- Battle of Resaena: Part of Shapur I's first Roman campaign
| Date | 243 |
| Location | Resaena, Mesopotamia (Ras al-Ayn, Syria) |
| Result | Roman victory |

Belligerents
- Roman Empire: Sasanian Empire

Commanders and leaders
- Gordian III Timesitheus: Shapur I

= Battle of Resaena =

Battle between Roman and Sasanian forces (243)

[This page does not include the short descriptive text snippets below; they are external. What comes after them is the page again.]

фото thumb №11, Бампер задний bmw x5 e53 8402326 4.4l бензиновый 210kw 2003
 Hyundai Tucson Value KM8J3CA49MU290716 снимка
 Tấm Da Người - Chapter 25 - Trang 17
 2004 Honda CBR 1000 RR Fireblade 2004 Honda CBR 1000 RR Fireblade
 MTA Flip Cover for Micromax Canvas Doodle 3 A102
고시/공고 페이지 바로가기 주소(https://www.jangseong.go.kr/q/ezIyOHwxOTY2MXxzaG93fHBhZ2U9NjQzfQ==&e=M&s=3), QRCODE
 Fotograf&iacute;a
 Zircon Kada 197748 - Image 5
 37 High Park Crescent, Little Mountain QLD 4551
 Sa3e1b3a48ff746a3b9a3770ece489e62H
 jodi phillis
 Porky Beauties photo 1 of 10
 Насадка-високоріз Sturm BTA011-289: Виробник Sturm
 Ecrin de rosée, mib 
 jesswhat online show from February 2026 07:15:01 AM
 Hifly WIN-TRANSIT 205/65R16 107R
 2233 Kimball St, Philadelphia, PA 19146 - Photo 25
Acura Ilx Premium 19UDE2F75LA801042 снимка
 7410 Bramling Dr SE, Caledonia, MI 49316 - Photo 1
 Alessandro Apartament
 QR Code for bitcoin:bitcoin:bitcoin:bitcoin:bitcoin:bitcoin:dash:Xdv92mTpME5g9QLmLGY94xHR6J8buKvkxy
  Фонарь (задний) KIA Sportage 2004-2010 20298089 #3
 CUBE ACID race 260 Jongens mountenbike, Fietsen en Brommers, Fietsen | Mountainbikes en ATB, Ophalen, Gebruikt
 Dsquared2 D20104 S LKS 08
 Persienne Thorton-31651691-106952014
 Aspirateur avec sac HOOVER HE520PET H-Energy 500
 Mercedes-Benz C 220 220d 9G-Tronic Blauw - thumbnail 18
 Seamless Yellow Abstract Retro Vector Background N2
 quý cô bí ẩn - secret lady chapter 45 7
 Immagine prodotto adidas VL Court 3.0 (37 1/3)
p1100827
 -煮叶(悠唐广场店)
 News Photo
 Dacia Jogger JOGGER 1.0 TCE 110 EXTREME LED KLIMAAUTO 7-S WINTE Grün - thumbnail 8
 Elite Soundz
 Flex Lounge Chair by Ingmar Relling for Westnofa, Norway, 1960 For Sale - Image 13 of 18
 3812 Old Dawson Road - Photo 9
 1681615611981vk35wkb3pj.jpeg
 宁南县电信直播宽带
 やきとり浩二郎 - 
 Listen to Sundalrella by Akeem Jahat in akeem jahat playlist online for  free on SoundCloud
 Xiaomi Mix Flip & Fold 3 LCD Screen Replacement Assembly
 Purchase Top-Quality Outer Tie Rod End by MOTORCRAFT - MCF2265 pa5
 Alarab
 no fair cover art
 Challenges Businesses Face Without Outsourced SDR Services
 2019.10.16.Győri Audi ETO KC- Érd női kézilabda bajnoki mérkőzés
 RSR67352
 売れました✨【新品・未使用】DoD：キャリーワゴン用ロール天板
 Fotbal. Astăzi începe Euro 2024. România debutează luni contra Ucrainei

The Battle of Resaena or Resaina, near present-day Ceylanpınar, Turkey, was fought in 243 between the forces of the Roman Empire, led by the Emperor Gordian III and the Praetorian Prefect Timesitheus against the Sasanian Empire's forces during the reign of Shapur I. The Romans were victorious.

==Background==

The battle was fought during a campaign ordered by Emperor Gordian III to reoccupy the cities of Hatra, Nisibis, and Carrhae. These territories had been conquered by Shapur and his father, Ardashir I, when the Roman Empire plunged into the Crisis of the Third Century, a conflict among several pretenders to the imperial throne.

==Aftermath==
Following this victory, the Roman legions recovered Nisibis and Singara, and advanced by way of the Khabur to the Euphrates, intending to take Ctesiphon. However, Gordian's army was defeated at the battle of Misiche in 244 and the Roman Emperor was either killed during the battle or assassinated afterwards.